Roll-Up Strategy · Commercial Insurance Brokerage

Build a Commercial Insurance Brokerage Roll-Up Platform

Recurring commission revenue, fragmented ownership, and proven PE interest make commercial insurance brokerage one of the most compelling roll-up opportunities in the lower middle market.

Find Commercial Insurance Brokerage Platform Targets

The U.S. commercial insurance brokerage market is highly fragmented, with thousands of independent agencies generating $1M–$5M in revenue. Annual policy renewals create predictable, recurring cash flows that compound as a platform scales through disciplined acquisitions of owner-operated books.

Why Roll Up Commercial Insurance Brokerage Businesses?

Client retention rates above 85–90% create durable revenue visibility. Carrier appointment leverage, shared back-office infrastructure, and cross-selling across acquired books drive margin expansion unavailable to standalone agencies. PE consolidators like Acrisure and Patriot Growth have validated the model at scale.

Platform Acquisition Criteria

Minimum $1M EBITDA

Platform agencies must generate at least $1M in EBITDA to support acquisition infrastructure, integration overhead, and debt service without over-leveraging operations from day one.

Multi-Producer Operation

At least 3–5 licensed producers or account managers beyond the owner, reducing key-person risk and ensuring continuity of client service through subsequent add-on integrations.

Diversified Commercial Book

Revenue spread across multiple industries and carriers, with no single client exceeding 10% of total commissions and commercial lines representing at least 60% of the book.

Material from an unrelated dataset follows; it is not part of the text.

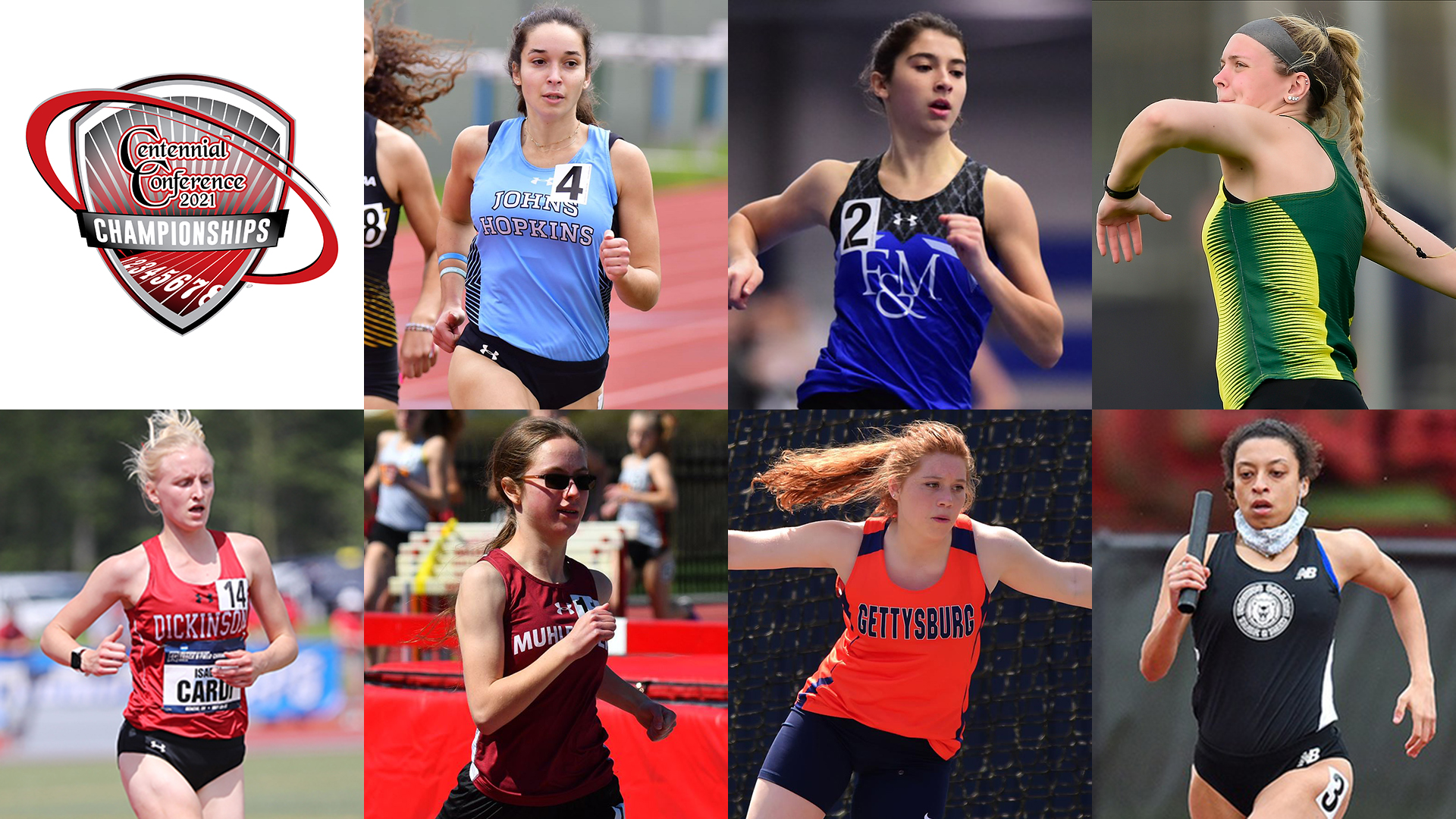 Women's Outdoor Track & Field Championship Preview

Established Agency Management System

Active use of Applied Epic, AMS360, or HawkSoft with clean, documented client and policy data essential for scalable integration and retention analytics across future add-ons.

Add-On Acquisition Criteria

Minimum $500K EBITDA

Add-ons should clear $500K EBITDA to justify transaction costs and integration effort, typically acquired at 5–7x versus platform multiples of 7–9x, creating immediate arbitrage.

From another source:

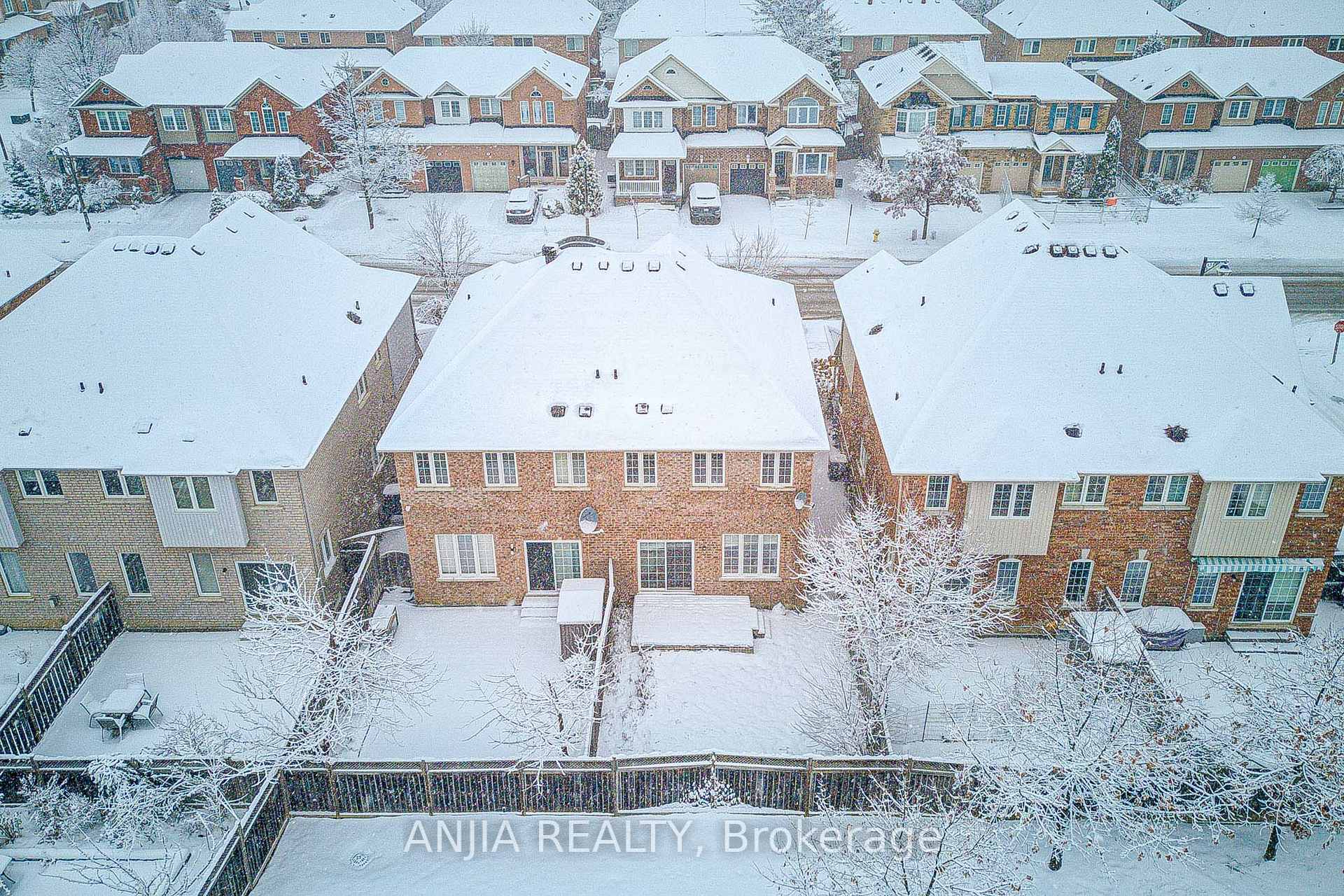 Photo 50 of 178 Roy Rainey Avenue, Markham, Wismer — HOMEH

85%+ Client Retention Rate

Trailing 36-month retention data by account and premium volume must support an 85% floor to underwrite earnout structures and protect platform revenue during ownership transition.

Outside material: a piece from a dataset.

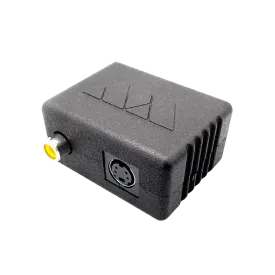 MiSTer FPGA YC Active Encoder Board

Complementary Niche or Geography

Target agencies serving underrepresented verticals — construction, transportation, healthcare — or adjacent markets where the platform lacks carrier appointments or client density.

Clean E&O History

No open E&O claims, active regulatory actions, or carrier market access restrictions. Tail coverage obligations must be clearly documented and assignable within the deal structure.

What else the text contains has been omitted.